From the 1960s to the 1980s, Landor established its headquarters on board the renovated ferryboat Klamath, moored in San Francisco Bay. This unusual arrangement was intended to foster creativity among the firm's employees. Mixing business with pleasure, the Klamath also hosted business symposia, cultural events and parties that included dignitaries, artists, business tycoons and celebrities. Although Landor's business eventually outgrew the ferryboat and moved to larger offices on land, the Klamath has remained its corporate symbol.

===Recent years===
In 1989 the company was acquired by the advertising agency Young & Rubicam and subsequently became part of WPP Group.

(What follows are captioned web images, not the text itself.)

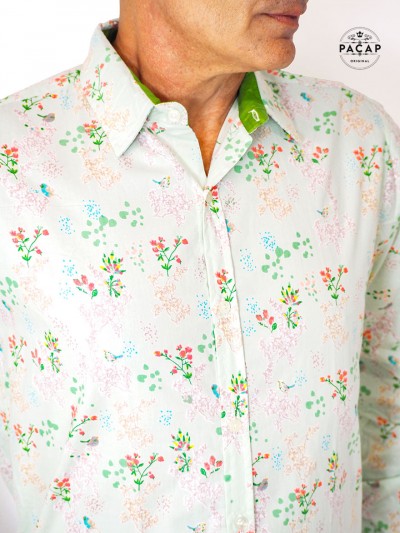 chemise grise imprimée bouquet de fleurs revers de col vert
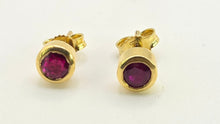 Load image into Gallery viewer, 2639 Vintage 18ct Gold Round Cut Rubies Stud Earrings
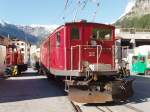 Balkonlok HGe 4/4 32 mit einem  Alpine Classic Pullman Express  Nostalgiezug in Zermatt.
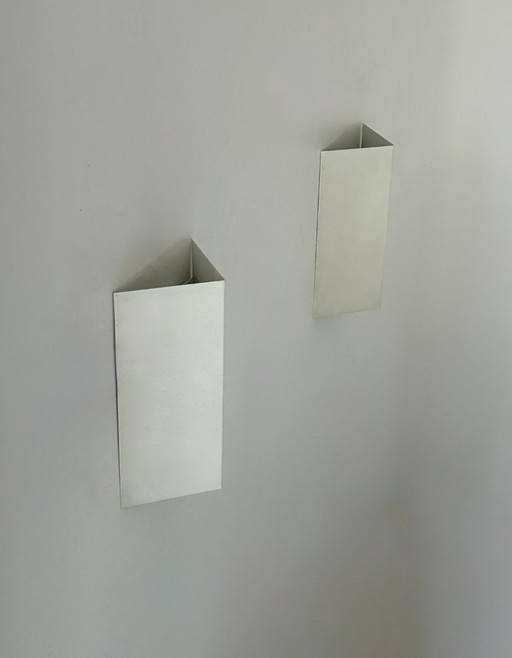 Coppia di applique vintage, metallo bianco opaco, Francia 1970.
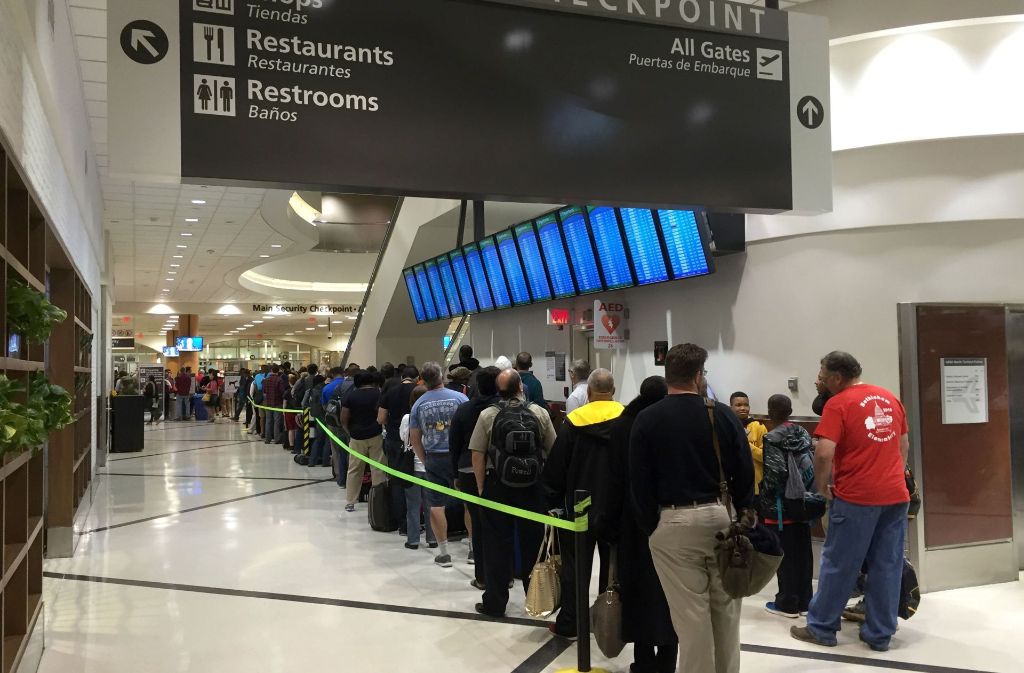 Infolge des Stromausfalls habn sich am Flughafen von Atlanta lange Schlangen gebildet. Foto: AFP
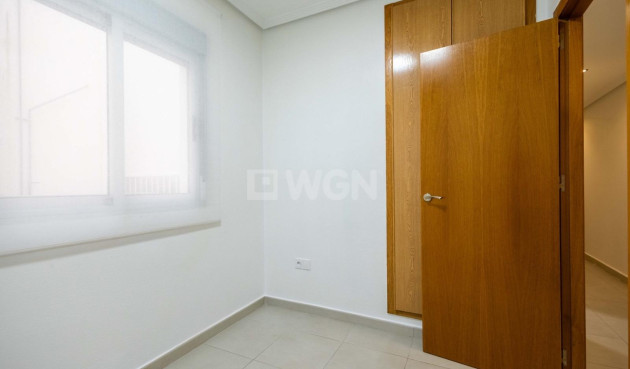 Odsprzedaż - Mieszkanie w bloku - Torrevieja - Las Calas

In 1994, the Walter Landor/Landor Collection was established at the National Museum of American History, part of the Smithsonian Institution in Washington, D.C. The collection contains business records and personal papers belonging to Walter Landor, oral histories, and portfolio materials such as original designer notebooks.

Since 2004, Landor has published an annual survey of brand strength measured over a three-year period. The Breakaway Brands list is based on data culled from the proprietary BrandAsset Valuator and is regularly cited in business publications including Fortune magazine and Forbes.

In 2021, Landor merged with the experience design agency Fitch to form the new agency Landor & Fitch. In 2023 the company's name reverted back to Landor.